Lauren Binkley’s reflection on her experience in The Educators’ Cooperative speaks directly to what it feels like to be a member of the Cooperative. A Blue Ribbon Teacher, Cole Elementary Teacher of the Year, and a member, organizer, and leader of MNPS Teacher Leadership Institute, Ms. Binkley is a teacher’s teacher. Her passion for connecting with and supporting all of her students is electric and we are so grateful for her work and leadership in the Cooperative.
by Lauren Binkley
I am a teacher. Those four words give me great pride, and, like most of us that teach, I consider it a calling and a passion as opposed to just a job or paycheck. If you had asked me two years ago if I had a heart for impacting all of Nashville’s children, I would have said yes emphatically and without reservation.

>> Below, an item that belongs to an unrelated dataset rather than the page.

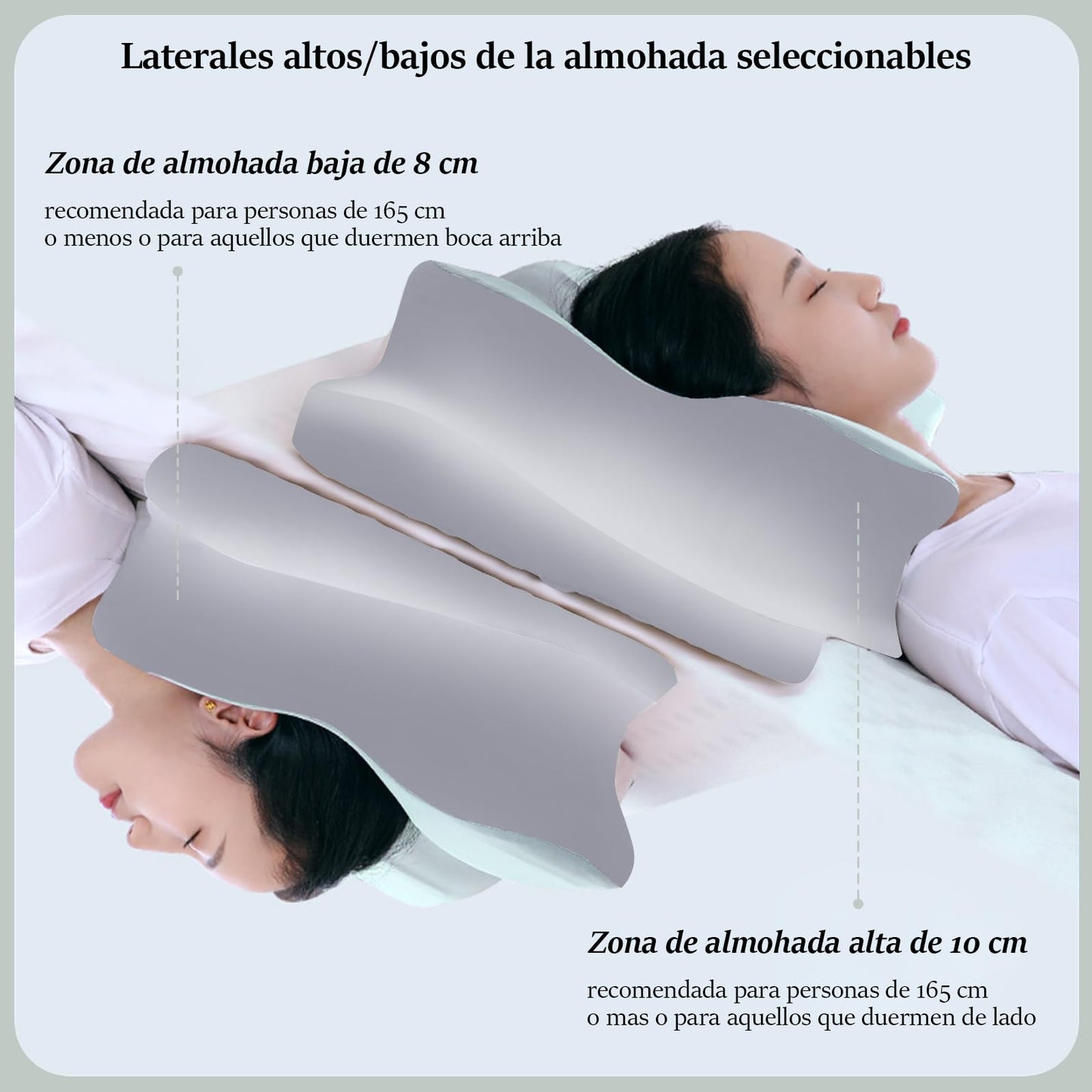 JeeLeeko Almohada Cervical de Espuma con Memoria 2en1 Almohada Ortopédica Ergonómica para Dolor de Cuello y Soporte Contorneado para Dormir de Lado, Espalda o Estómago (Embalaje Normal, Verde)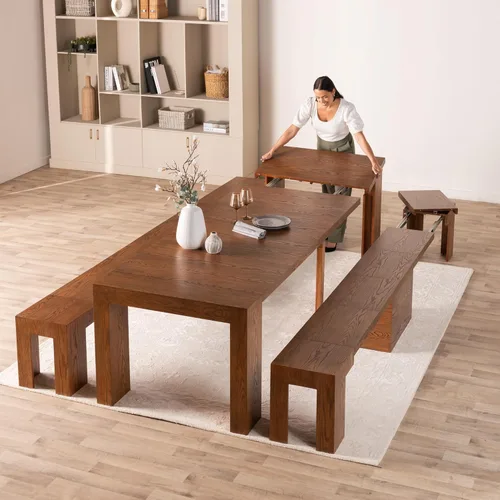 Miniatura 11 de Transformer Table - Mesa de comedor extensible de madera maciza, asientos 2-12, mesa de comedor expandible, muebles que ahorran espacio, muebles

But I soon realized I’ve got a bit of a chip on my shoulder. You see, I’m a public school teacher. I’m tough! I have grit! I’m working with all children. I often do my work with limited resources and tough challenges. So much of who I am as a teacher is wrapped up in my passion for and defense of public school and the children we serve.
Enter the Educators’ Cooperative. A group dedicated to bringing together public, private, and charter schools teachers from across Nashville. I applied at the very last minute, all while questioning if this sort of professional development was what I really needed in my own journey. Would I be able to connect with teachers that were in such vastly different environments from my neighborhood school? Would I learn from them despite our differences and be able to offer something in return? Would they get where I was coming from?
These questions seem so silly now. From the first gathering, this felt fresh and new and hopeful. There was an undercurrent of excitement running through the group that is sometimes missing in professional growth opportunities – partially charged by the significance of the content we were digging into together and partially by the significance of having many different voices at the table. For many of us, both the content and the diversity of experience were firsts!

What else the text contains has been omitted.